YOUR INSTRUCTIONS: Without the pictures, copy all of the data exactly.

__________________________________________________

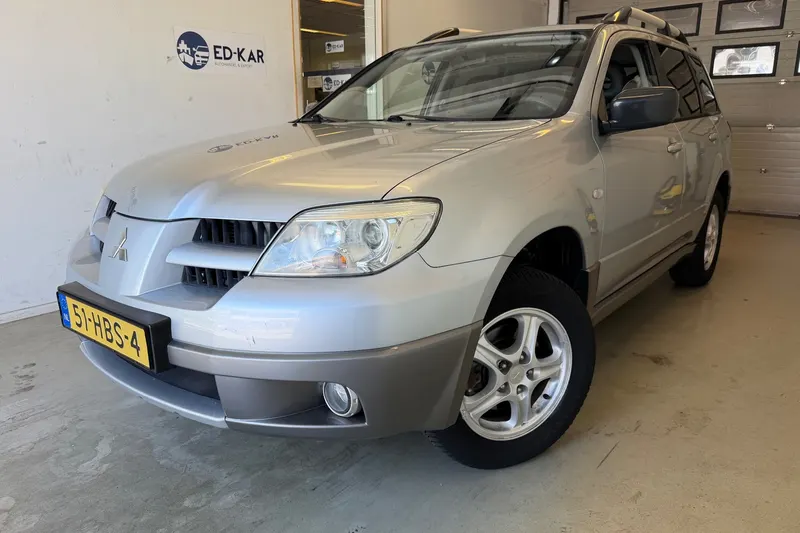 Mitsubishi Outlander (2008)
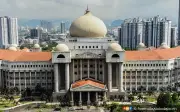 Wanita campak bayi dari tingkat 38 dipenjara 2 tahun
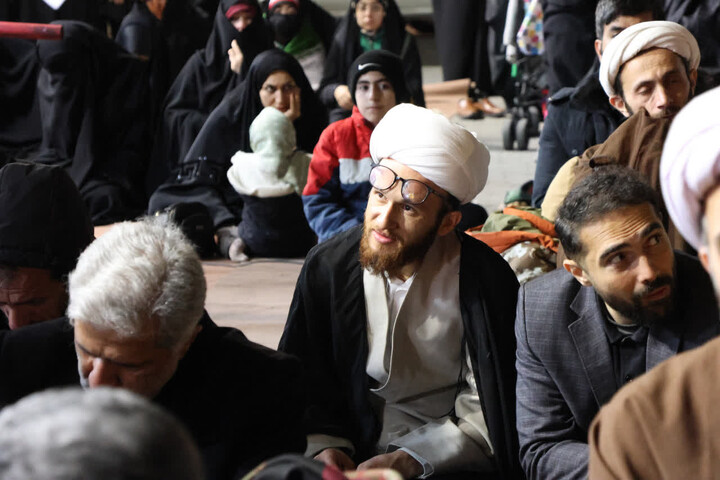 تصاویر / برپایی موکب مدرسه علمیه امیرالمومنین(ع) تبریز در کنار حماسه آفرینی های مردم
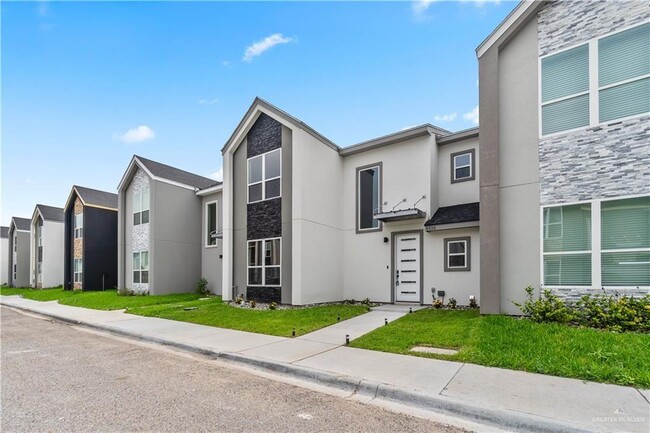 Building Photo - 5516 N Crown Pt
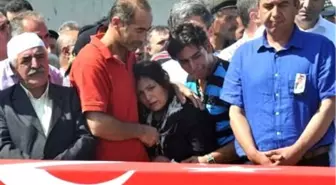 Şehit Uzman Çavuş Ali Doğan Toprağa Verildi (2)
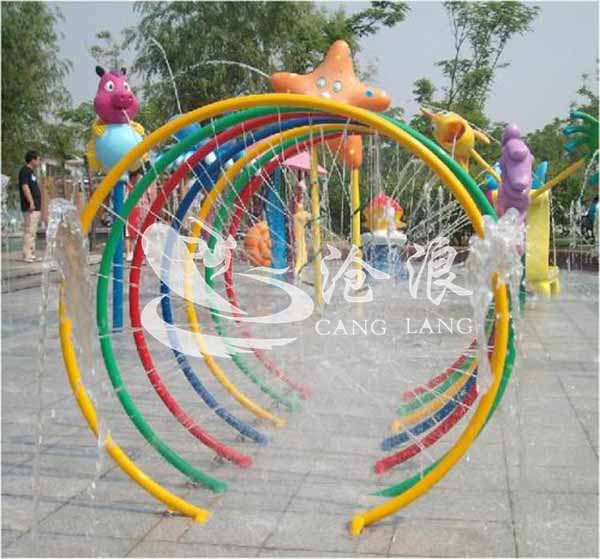 广州专业水上游乐设备厂家-戏水小品-彩虹戏水圈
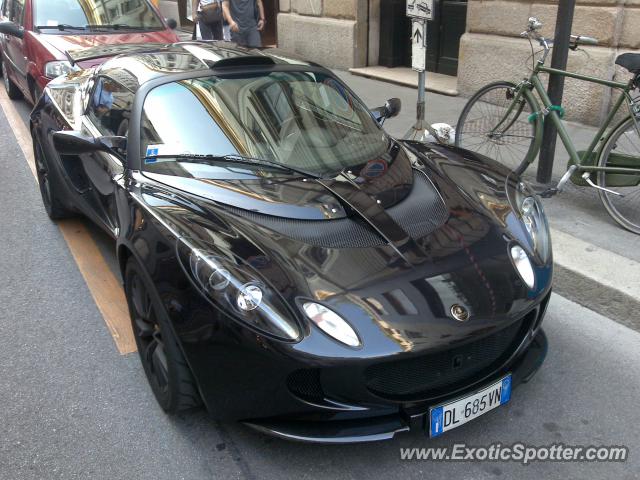 Lotus Exige spotted in Milano, Italy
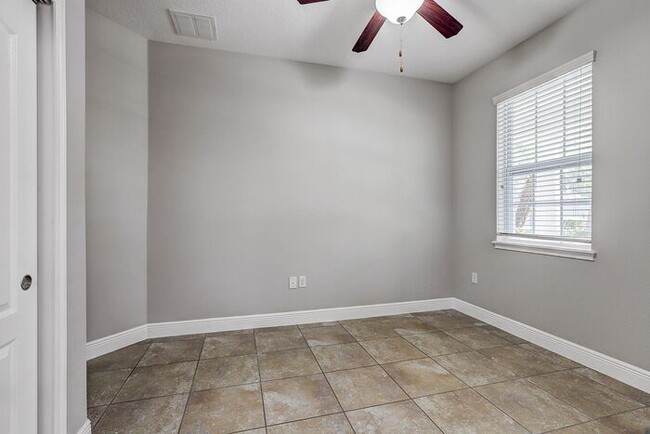 Building Photo - Experience Resort Living in Grand Hampton!
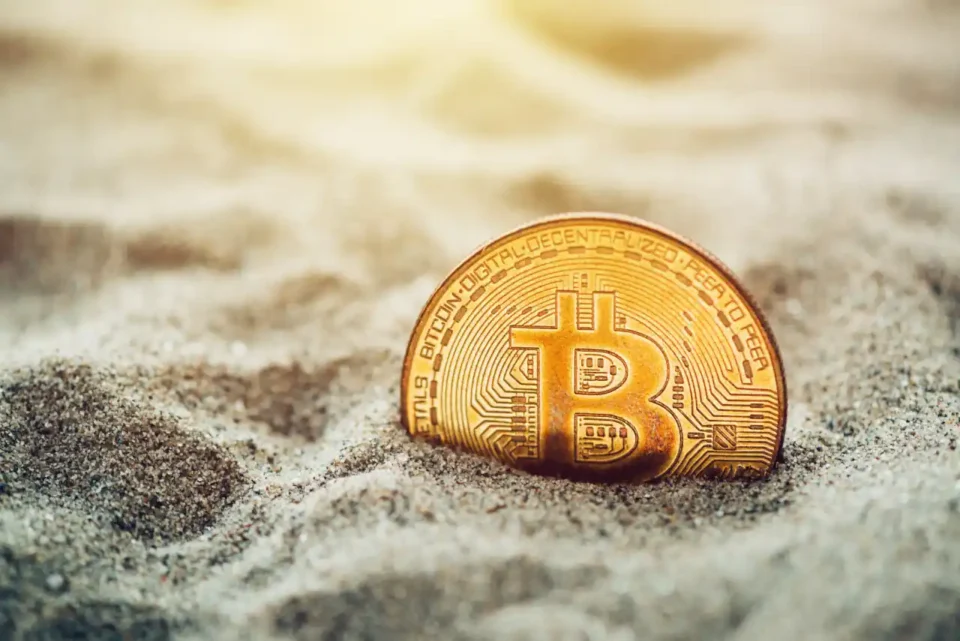 Bitcoin im Sand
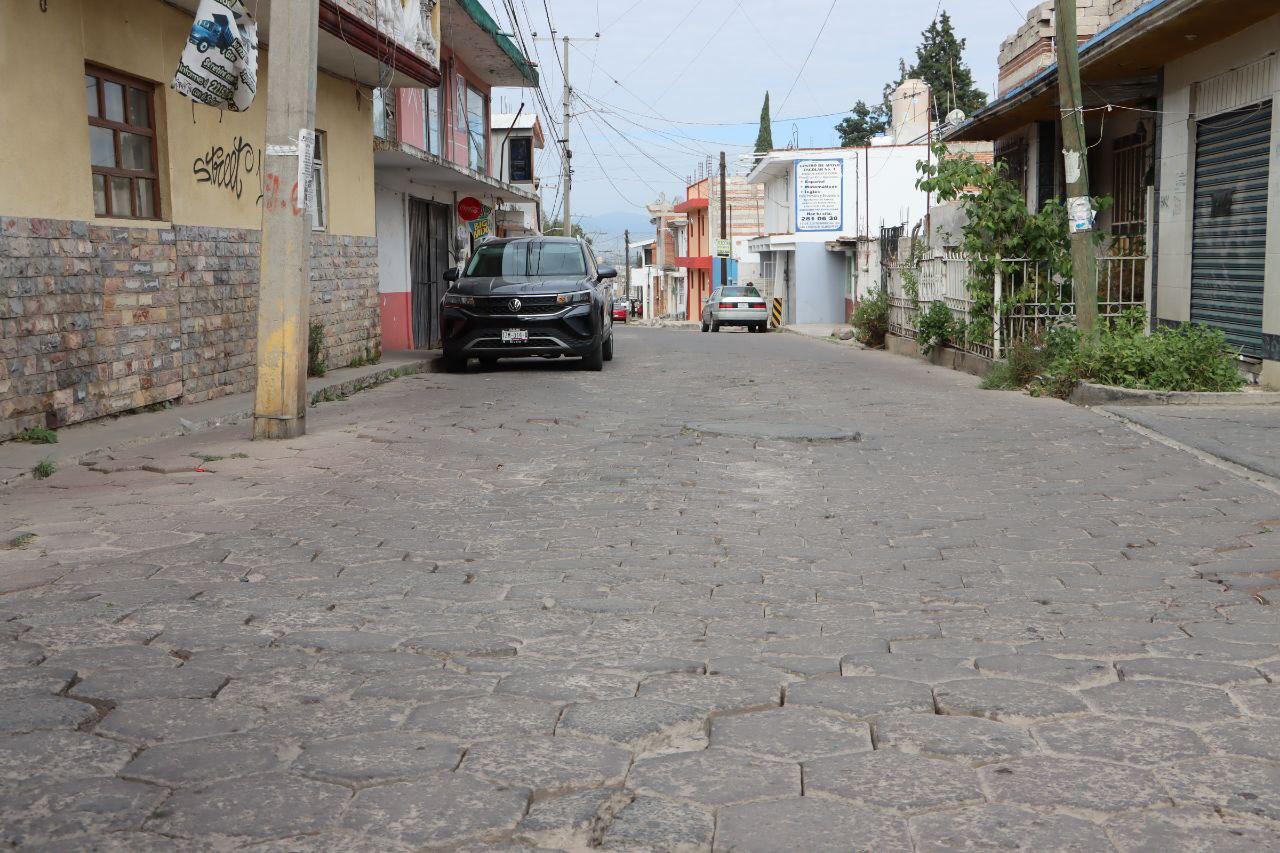 Inician trabajos de pavimentación con concreto hidráulico de la calle 16 de Septiembre en San Lorenzo Almecatla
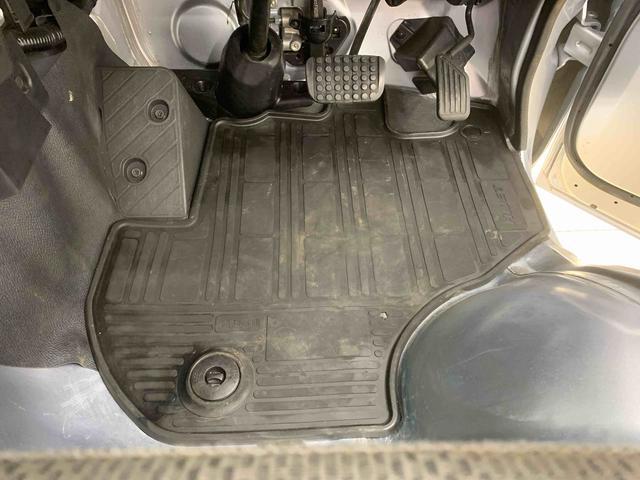 ハイゼットトラックスタンダードSAIIIt CVT ラジオ エアコンまごころ保証(納車日から1年・走行距離無制限)付き CVT車 ラジオ エアコン パワステ LEDヘッドライト 衝突被害軽減ブレーキ(静岡県)の中古車
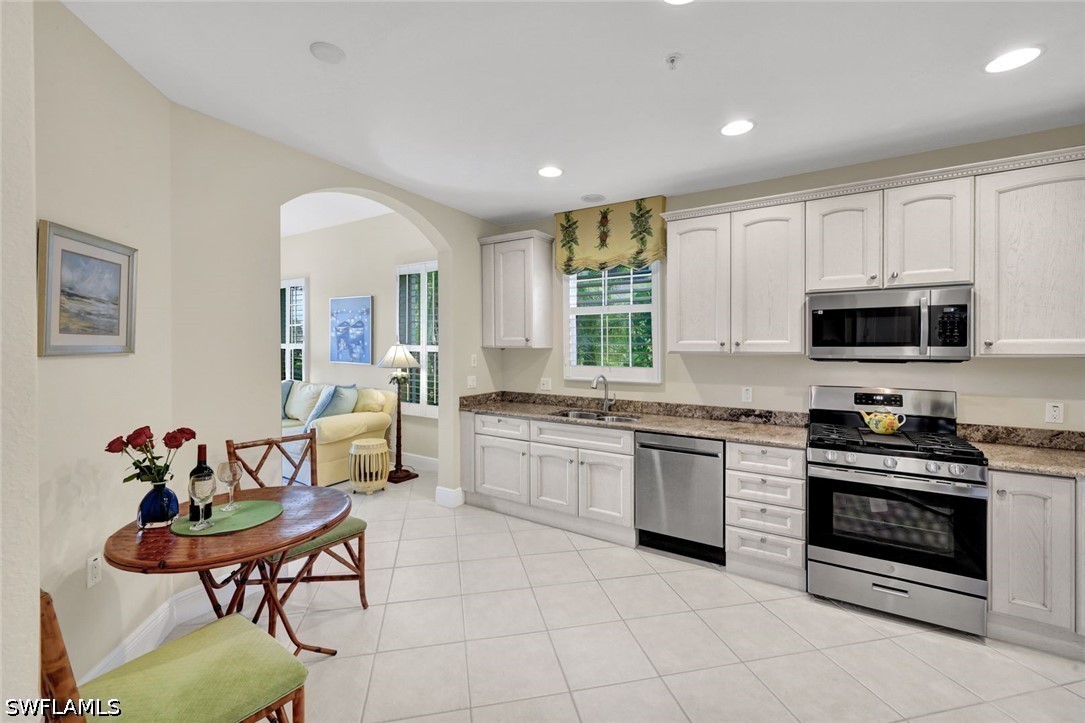 3 Bed Waterfront Home for Sale in Cascada, photo 16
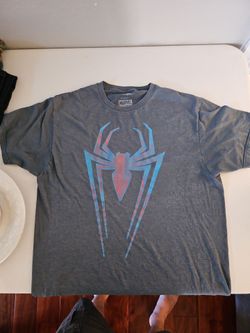 Marvel Spider-Man Graphic T-Shirt Size Large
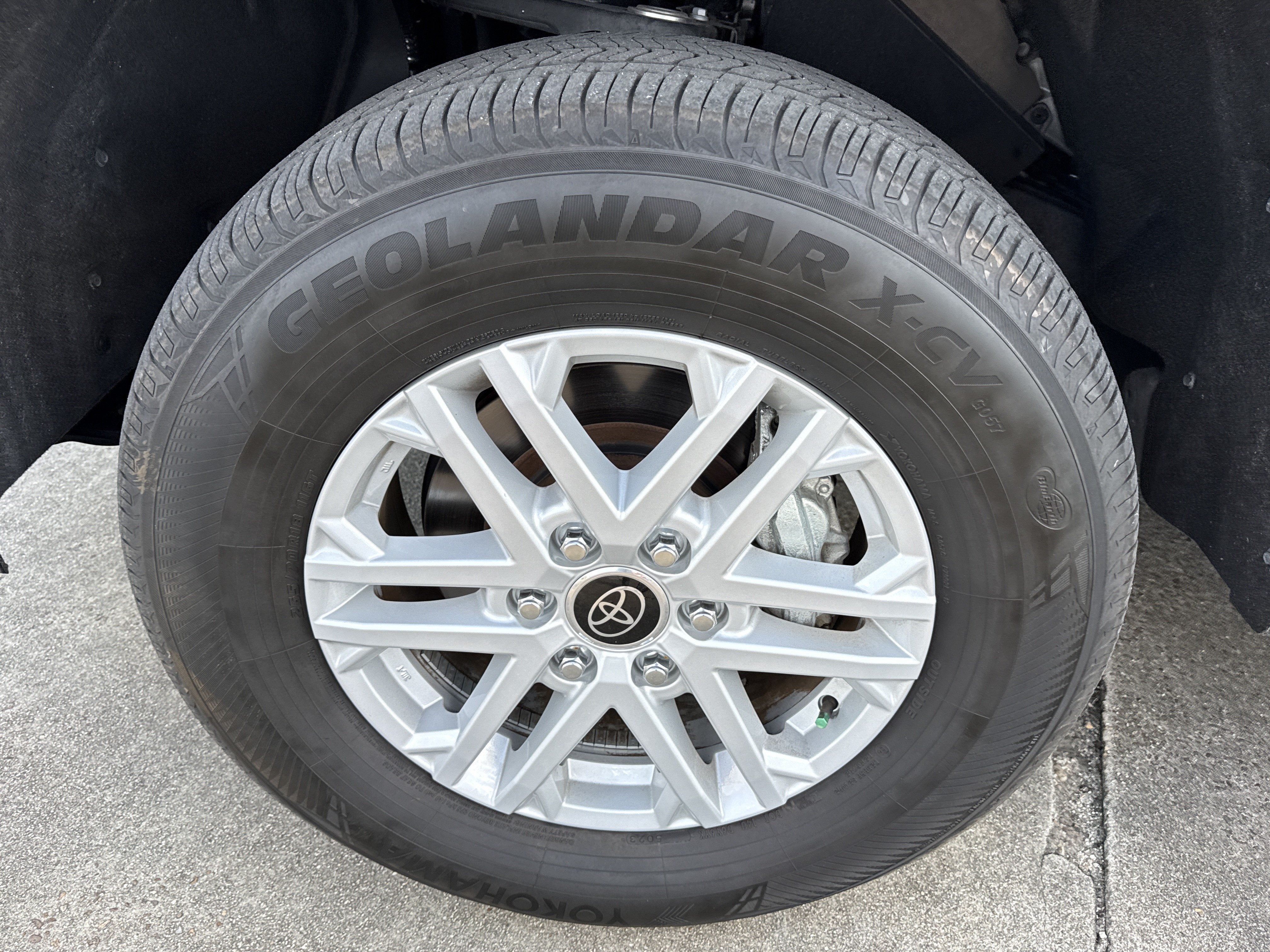 2024 Toyota Tundra 4WD SR5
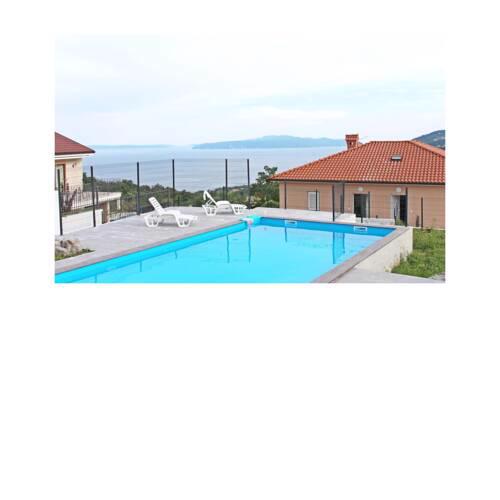 Amazing apartment in Icici w/ Outdoor swimming pool, WiFi and 2 Bedrooms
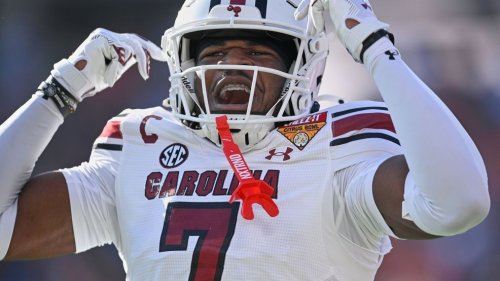 Seahawks trade up to 35th pick to draft safety Nick Emmanwori from South Carolina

__________________________________________________

RESULT FOR THIS EXERCISE:
 Mitsubishi Outlander (2008)
 Wanita campak bayi dari tingkat 38 dipenjara 2 tahun
 تصاویر / برپایی موکب مدرسه علمیه امیرالمومنین(ع) تبریز در کنار حماسه آفرینی های مردم
 Building Photo - 5516 N Crown Pt
 Şehit Uzman Çavuş Ali Doğan Toprağa Verildi (2)
 广州专业水上游乐设备厂家-戏水小品-彩虹戏水圈
 Lotus Exige spotted in Milano, Italy
 Building Photo - Experience Resort Living in Grand Hampton!
 Bitcoin im Sand
 Inician trabajos de pavimentación con concreto hidráulico de la calle 16 de Septiembre en San Lorenzo Almecatla
 ハイゼットトラックスタンダードSAIIIt CVT ラジオ エアコンまごころ保証(納車日から1年・走行距離無制限)付き CVT車 ラジオ エアコン パワステ LEDヘッドライト 衝突被害軽減ブレーキ(静岡県)の中古車
 3 Bed Waterfront Home for Sale in Cascada, photo 16
 Marvel Spider-Man Graphic T-Shirt Size Large
 2024 Toyota Tundra 4WD SR5
 Amazing apartment in Icici w/ Outdoor swimming pool, WiFi and 2 Bedrooms
 Seahawks trade up to 35th pick to draft safety Nick Emmanwori from South Carolina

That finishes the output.